A note on the complexity of Miller's expression language¶
One of Miller's strengths is its brevity: it's much quicker -- and less
error-prone -- to type mlr stats1 -a sum -f x,y -g a,b
than having to track
summation variables as in awk
, or using Miller's out-of-stream
variables. And the more
language features Miller's put-DSL has (for-loops, if-statements, nested
control structures, user-defined functions, etc.) then the less powerful it
begins to seem: because of the other programming-language features it doesn't
have (classes, exceptions, and so on).
When I was originally prototyping Miller in 2015, the primary decision I had
was whether to hand-code in a low-level language like C or Rust or Go, with my
own hand-rolled DSL, or whether to use a higher-level language (like Python or
Lua or Nim) and let the put
statements be handled by the implementation
language's own eval
: the implementation language would take the place of a
DSL. Multiple performance experiments showed me I could get better throughput
using the former, by a wide margin. So Miller is Go under the hood with a
hand-rolled DSL.
I do want to keep focusing on what Miller is good at -- concise notation, low
latency, and high throughput -- and not add too much in terms of
high-level-language features to the DSL. That said, some sort of
customizability is a basic thing to want.

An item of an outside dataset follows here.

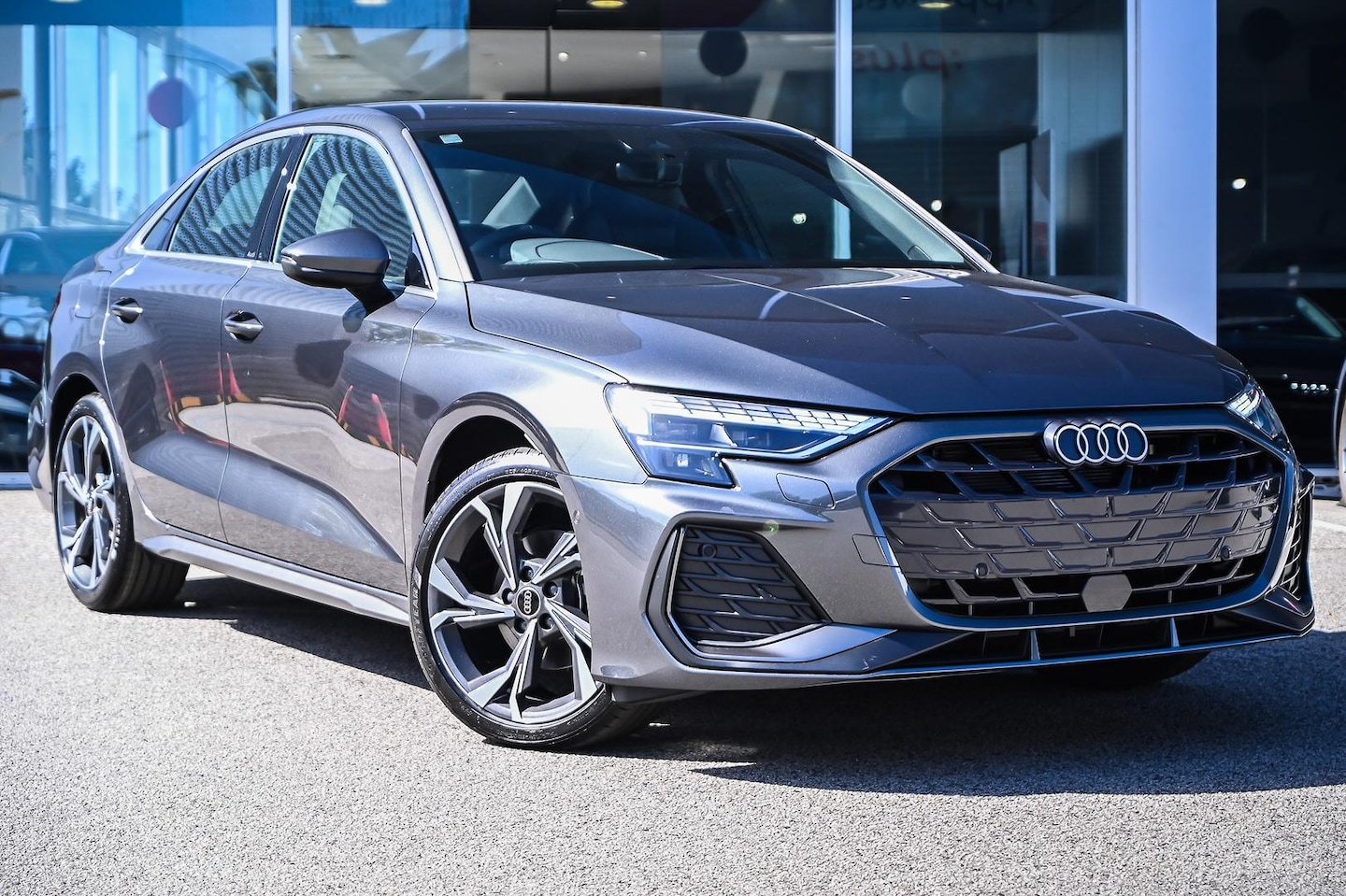 Image about Audi A3 Sedan 35 TFSI S tronic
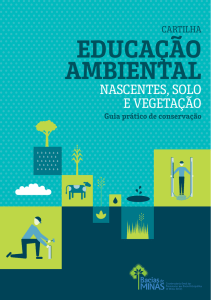 educação ambiental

As of 4.1.0 we have recursive
for
/while
/if
structures on about
the same complexity level as awk
; as of 5.0.0 we have user-defined
functions and map-valued
variables, again on about the same complexity level
as awk
along with optional type-declaration syntax; as of Miller 6 we have
full support for arrays. While I'm excited by these
powerful language features, I hope to keep new features focused on Miller's
sweet spot which is speed plus simplicity.